Un homicide volontaire en marge d'une conférence politique
Les faits remontent au samedi 14 février 2025, lorsque Quentin Deranque a succombé à ses blessures suite à une violente bagarre de rue survenue deux jours plus tôt. Cet incident s'est produit en marge d'une conférence organisée à l'Institut d'études politiques de Lyon, où intervenait l'eurodéputée Rima Hassan, membre de La France insoumise (LFI).
Le procureur de Lyon, Thierry Dran, a précisé lors d'un point presse tenu le lundi 16 février que la victime avait été frappée par au moins six individus masqués et encagoulés, dont l'identité reste à ce jour inconnue. Face à la gravité des faits, l'enquête a été requalifiée en homicide volontaire, marquant une escalade significative dans les investigations.
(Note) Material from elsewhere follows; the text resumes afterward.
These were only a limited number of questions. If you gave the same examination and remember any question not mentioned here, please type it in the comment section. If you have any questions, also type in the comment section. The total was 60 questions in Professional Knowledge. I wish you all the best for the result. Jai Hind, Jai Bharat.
Les déclarations accablantes des ministres
Sur France 2, le dimanche suivant les événements, Laurent Nuñez a souligné avec insistance la responsabilité présumée de la Jeune Garde dans ce drame. « L'enquête permettra de confirmer ou pas si c'étaient des militants de la Jeune Garde. Mais les témoignages vont en ce sens, manifestement », a-t-il affirmé, laissant peu de place au doute quant aux orientations des investigations.
De son côté, le ministre de la justice, Gérald Darmanin, a adopté un ton encore plus tranchant en déclarant sans ambages que « c'est manifestement l'ultragauche qui a tué » le jeune Quentin Deranque. Ces accusations directes illustrent la volonté du gouvernement de durcir le ton face aux groupes radicaux, qu'ils soient d'extrême droite ou d'ultragauche.
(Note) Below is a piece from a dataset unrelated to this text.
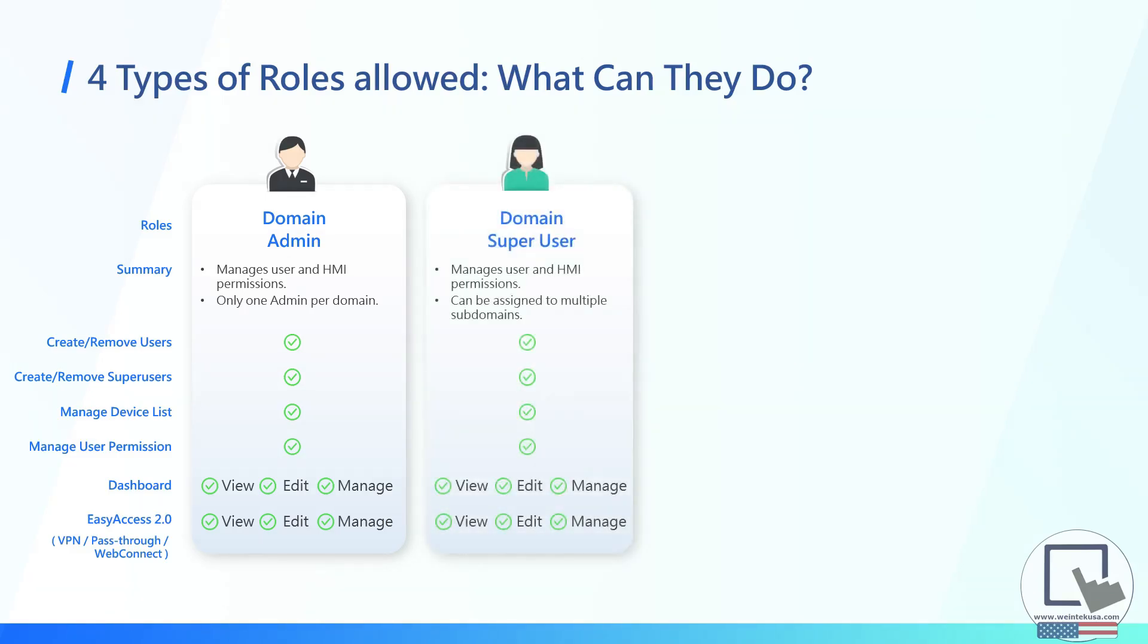A domain superuser has the same abilities as the domain admin. This is a user that can help the admin manage the domain.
Une mobilisation en soutien à la Jeune Garde
En réaction à cette procédure de dissolution, des manifestations de soutien ont rapidement émergé à Lyon. Le 6 mai 2025, des sympathisants se sont rassemblés pour défendre la Jeune Garde, dénonçant une instrumentalisation politique du drame et une répression ciblée contre les mouvements antifascistes.
Cette affaire met en lumière les tensions croissantes entre différents courants politiques extrêmes en France, avec des conséquences parfois dramatiques. Alors que l'enquête se poursuit pour identifier les auteurs des coups mortels, le débat sur la dissolution des groupes jugés violents s'intensifie, posant des questions cruciales sur la liberté d'association et la sécurité publique.